Look through the records and copy each line with the string "Plus" in it.
-------- Extracted entries --------
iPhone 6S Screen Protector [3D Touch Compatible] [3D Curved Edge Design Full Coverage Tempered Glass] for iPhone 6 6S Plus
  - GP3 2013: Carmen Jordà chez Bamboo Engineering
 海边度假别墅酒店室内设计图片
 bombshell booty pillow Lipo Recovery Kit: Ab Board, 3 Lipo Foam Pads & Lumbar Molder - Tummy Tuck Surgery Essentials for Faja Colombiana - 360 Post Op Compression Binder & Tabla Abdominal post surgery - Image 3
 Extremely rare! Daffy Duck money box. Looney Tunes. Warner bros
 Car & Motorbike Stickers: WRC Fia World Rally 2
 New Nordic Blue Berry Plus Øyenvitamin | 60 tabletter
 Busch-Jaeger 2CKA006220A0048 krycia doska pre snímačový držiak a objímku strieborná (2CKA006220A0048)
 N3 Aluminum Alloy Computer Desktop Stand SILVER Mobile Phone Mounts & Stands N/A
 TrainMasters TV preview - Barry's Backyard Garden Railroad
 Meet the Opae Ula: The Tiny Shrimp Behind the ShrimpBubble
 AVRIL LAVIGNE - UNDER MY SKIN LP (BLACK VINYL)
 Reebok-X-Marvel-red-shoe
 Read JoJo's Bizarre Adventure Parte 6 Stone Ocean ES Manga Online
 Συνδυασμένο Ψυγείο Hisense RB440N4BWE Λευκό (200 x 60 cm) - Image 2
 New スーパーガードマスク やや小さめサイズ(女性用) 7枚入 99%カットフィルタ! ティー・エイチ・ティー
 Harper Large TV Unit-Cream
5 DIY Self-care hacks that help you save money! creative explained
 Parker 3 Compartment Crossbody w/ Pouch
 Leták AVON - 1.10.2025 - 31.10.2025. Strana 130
--------
Reply:
iPhone 6S Screen Protector [3D Touch Compatible] [3D Curved Edge Design Full Coverage Tempered Glass] for iPhone 6 6S Plus
 New Nordic Blue Berry Plus Øyenvitamin | 60 tabletter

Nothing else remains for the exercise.